**MATERIAL PROVIDED**.

-- Opening Marker --

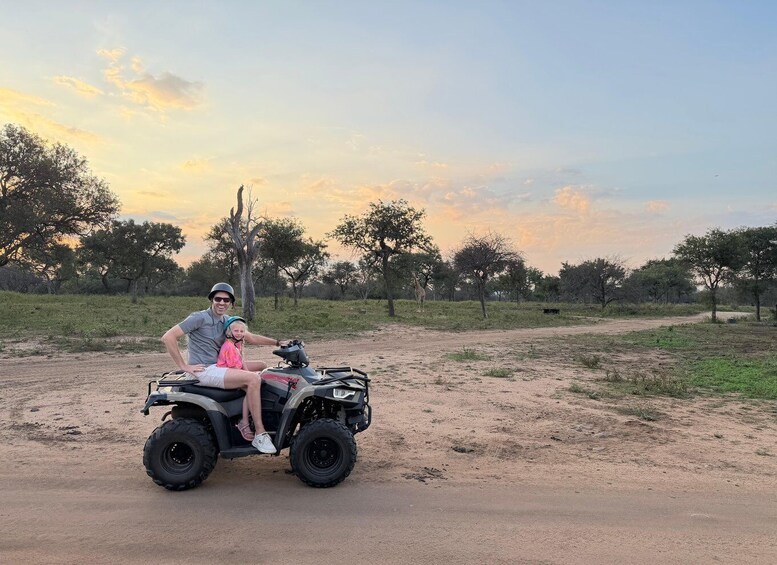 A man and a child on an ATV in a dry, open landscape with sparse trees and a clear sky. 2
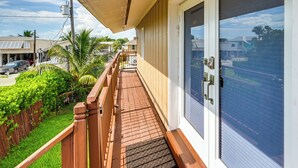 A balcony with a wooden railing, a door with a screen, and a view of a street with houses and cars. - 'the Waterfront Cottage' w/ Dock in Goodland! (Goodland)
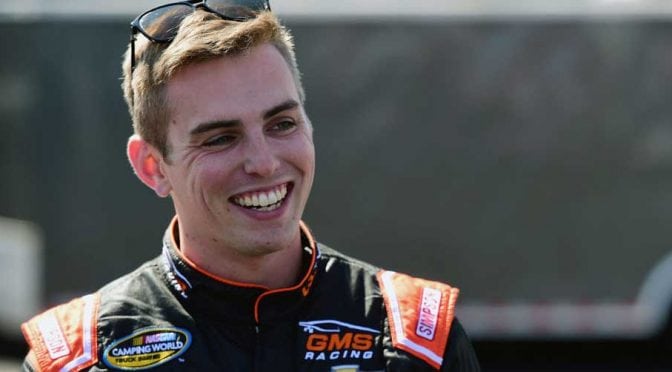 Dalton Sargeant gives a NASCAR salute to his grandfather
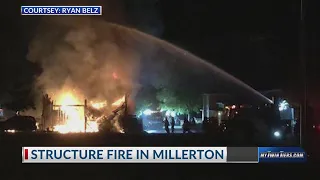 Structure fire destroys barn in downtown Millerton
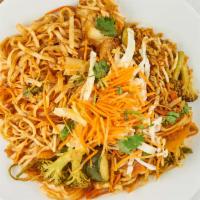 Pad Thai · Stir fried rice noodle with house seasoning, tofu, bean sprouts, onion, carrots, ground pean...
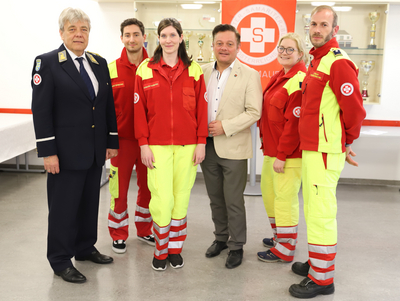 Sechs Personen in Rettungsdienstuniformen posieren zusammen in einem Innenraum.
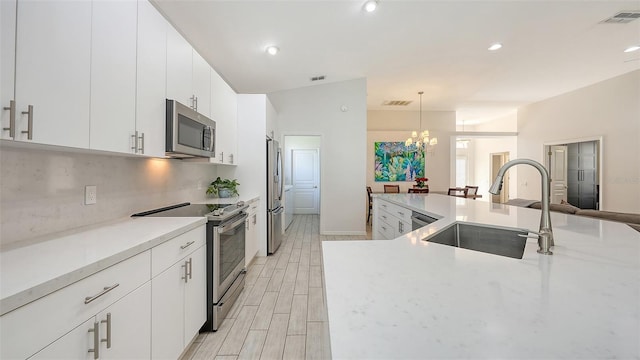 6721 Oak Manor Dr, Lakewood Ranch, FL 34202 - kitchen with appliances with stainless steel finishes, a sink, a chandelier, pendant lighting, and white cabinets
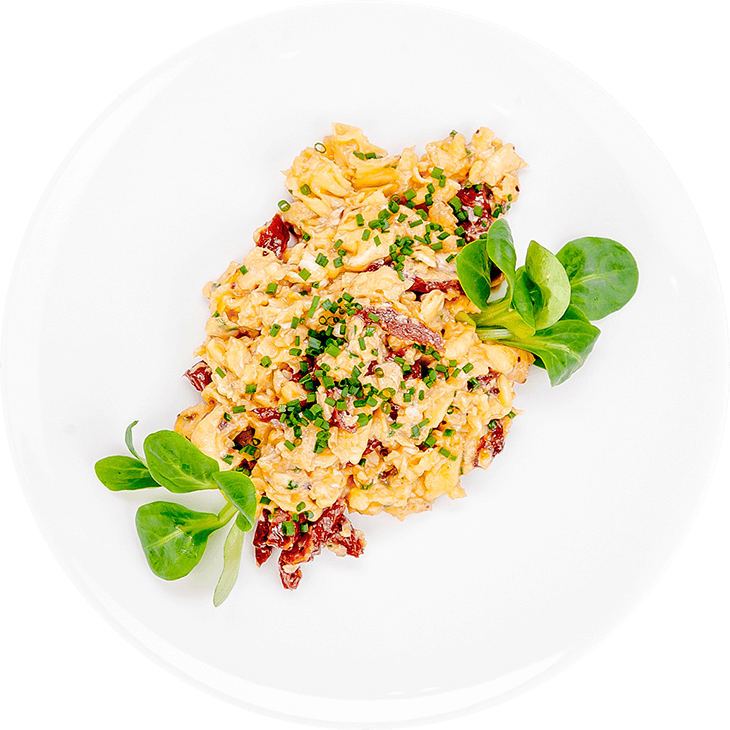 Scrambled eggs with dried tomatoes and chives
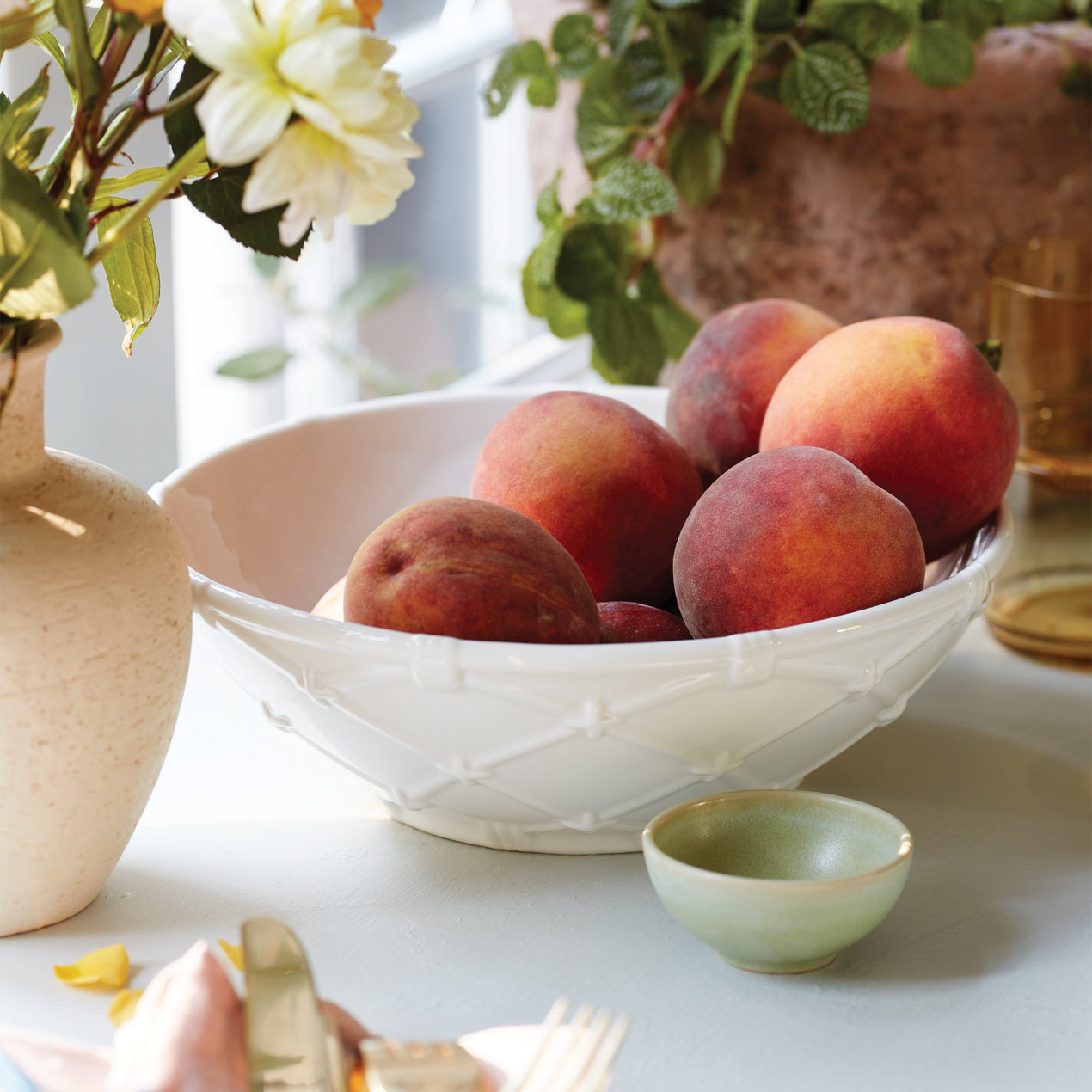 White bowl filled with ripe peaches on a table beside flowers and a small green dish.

-- Closing Marker --
-- Opening Marker --

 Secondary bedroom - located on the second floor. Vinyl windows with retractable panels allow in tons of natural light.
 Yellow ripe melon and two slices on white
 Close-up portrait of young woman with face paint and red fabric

-- Closing Marker --
-- Opening Marker --

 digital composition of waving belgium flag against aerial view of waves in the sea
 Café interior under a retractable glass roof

-- Closing Marker --

**WORK INSTRUCTION**.
What lines in the entries above hold "retractable"? Copy every one.

**TASK RESPONSE**.
 Secondary bedroom - located on the second floor. Vinyl windows with retractable panels allow in tons of natural light.
 Café interior under a retractable glass roof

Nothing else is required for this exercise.